Assigned task:
Below are records with pictures; copy word for word only the lines between the line with "15 øre Chr." and the line with "Moda, Flower Patches, Amarilys", inclusive, and drop the pictures.

Dataset content:
*** Begin section ***
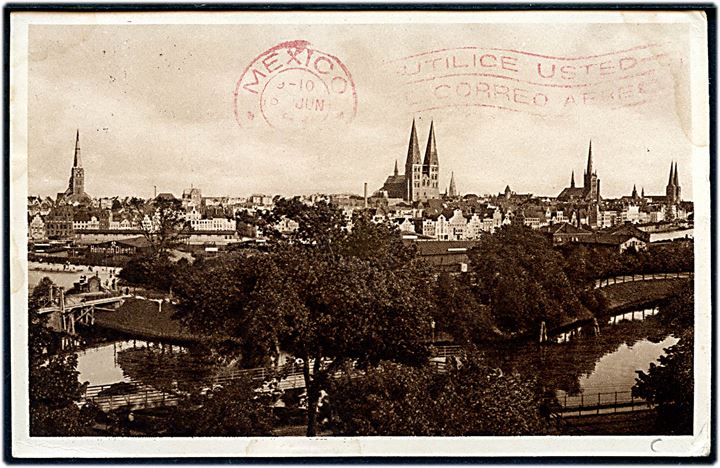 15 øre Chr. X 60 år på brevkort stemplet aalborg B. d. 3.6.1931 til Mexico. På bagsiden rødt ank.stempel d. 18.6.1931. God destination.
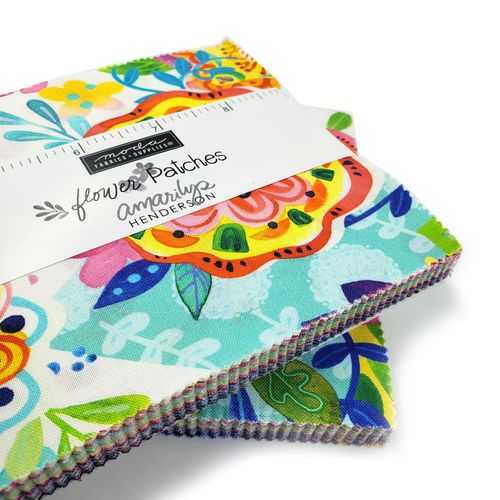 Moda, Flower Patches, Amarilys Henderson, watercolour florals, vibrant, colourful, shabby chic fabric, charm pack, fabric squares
*** End section ***
*** Begin section ***
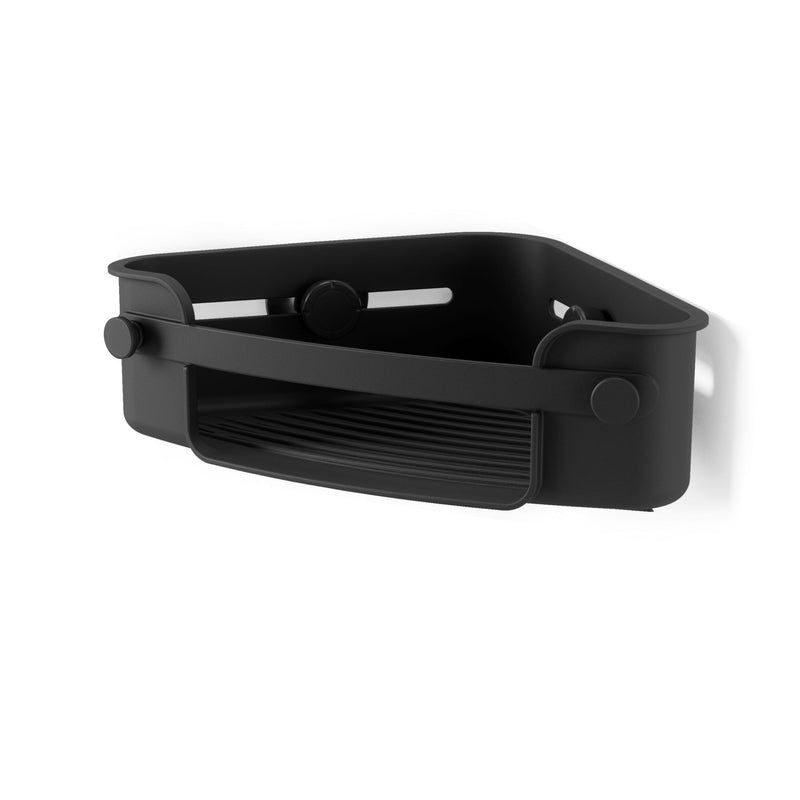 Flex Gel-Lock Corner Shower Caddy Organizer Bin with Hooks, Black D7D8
*** End section ***
*** Begin section ***
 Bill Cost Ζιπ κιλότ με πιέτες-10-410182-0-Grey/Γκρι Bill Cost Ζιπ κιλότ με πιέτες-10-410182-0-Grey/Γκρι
*** End section ***
Reply to the exercise:
 15 øre Chr. X 60 år på brevkort stemplet aalborg B. d. 3.6.1931 til Mexico. På bagsiden rødt ank.stempel d. 18.6.1931. God destination.
 Moda, Flower Patches, Amarilys Henderson, watercolour florals, vibrant, colourful, shabby chic fabric, charm pack, fabric squares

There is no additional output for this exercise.